The raven parents have their three children out on the sand each morning. We met Tom’s parents. I am still running a mile every other day, and the pine tree in our front yard has enjoyed just enough rainfall (so far) that the candles have mostly stayed green. Hummingbirds are back! The lacecap hydrangea that grows up through that pine is enormous, close to twenty feet across. Lucifer and the naturalized Montbrecia (both crocosmias) are blooming, I made my 6th batch of rhubarb cordial yesterday, and we discovered bat guano on the window ledge. That last is important because we love our bat, and have missed the nightly “drop” of the insect-hunting flier. It has been something we watched for—that first swoop of a bat—each dusk. We still have not seen the bat in a long time, but we hope it’s doing okay.
We go out before 6am, but lately have seen people even then. We managed to walk five miles in a hair under one and a half hours without searching Neverland. This morning, we searched the diminishing Neverland, found no glass at all, and were home in no time.
There were six people sleeping on the sand in front of our house the other day. We think they were staying next door, but there were so many people in that house, it was difficult to tell. Seventeen at one count.

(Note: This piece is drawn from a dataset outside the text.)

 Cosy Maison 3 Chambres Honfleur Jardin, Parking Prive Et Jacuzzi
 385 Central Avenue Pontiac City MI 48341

Construction continues indoors on the house on the other side of ours. Walnut trim.
There are only a few rows of the second cuff left on the sweater I am knitting, then reblocking and sewing up the sides. The red velvet dress I’ve hoarded for years now fits through shoulders and hips, but it’s snug across the chest. I put on more earrings the other day—wearing five again. I am not sure that’s significant of anything.
My 50-year high school reunion has been rescheduled from last summer to next month. We had the largest graduating class of 500-600 people, but only a few dozen have registered on the site (including me), and fewer have purchased tickets (not me yet). Some of those biographical postings are . . . rambling, not to say incoherent. So far, only one person I knew well has bought a ticket to the actual reunion, and the only new photo is of the Nile Golf and Country Club banquet room, where the event is supposed to take place, which is not appealing. I keep hoping for postings on the page “In Memory of…” but nothing so far.
Though I went with Gary to his 50th, I have missed most of my own reunions. I am still not sure if we will attend this one.
Today is Alice Munro’s 90th birthday.
I am not tempting fate nor even tempted by fate, but I do feel lucky.
Nothing is easy in this life, but it’s not all hard. The thing I struggle to remember is to notice it all—hard and tender, bitter and sweet—every moment dear.